Will the Fiscal Donkey Fly?
Will Barack Obama become a “one-termer” like somewhat recent Presidents, Democrat Jimmy Carter (1977-1981) and Republican George H.W. Bush #41 (1989-1993)? Or will Obama get the Democratic donkey off the ground like Bill Clinton managed to do after the 1994 mid-term election when Republican Newt Gingrich spearheaded the Contract with America, which led to a similar Republican majority in the House of Representatives. Clinton’s approval ratings were in the dumps at the time, comparable to voter’s current lackluster opinion of Obama and his spending spree (see also Profitless Healthcare).

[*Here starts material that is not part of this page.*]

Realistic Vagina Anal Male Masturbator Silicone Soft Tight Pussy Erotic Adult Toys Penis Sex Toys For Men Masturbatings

Similarly, Republican Ronald Reagan (1981-1989) was picking up the pieces with his lousy approval rating after the 1982 midterm election. Tax cuts, “trickle-down” supply side economics, and a tough stance on the Russian Cold War turned around the economy and his approval rating and catapulted him to reelection in a landslide victory. Reagan carried 49 states with the help of Reagan Democrats (one-quarter of registered Democrats voted for him).
One should be clear though, popularity is not the only factor that plays into reelection success. George H. W. Bush had the highest average approval rating in five decades (60.9% approval), only superseded by John F. Kennedy (70.1% approval). The economy, international politics, and other external factors also play a large role in the reelection process.
Flying Donkey Time?
If President Obama wants to get the Democratic donkey off the ground and raise his current approval rating of 47% and remedy his self-admitted “shellacking” by the Republicans, then he will need to shift his hard-left political agenda more towards the middle, like Clinton did in 1994. If he leads on ideology alone, then the next two years will likely be a long tough slog for him and his Democratic colleagues.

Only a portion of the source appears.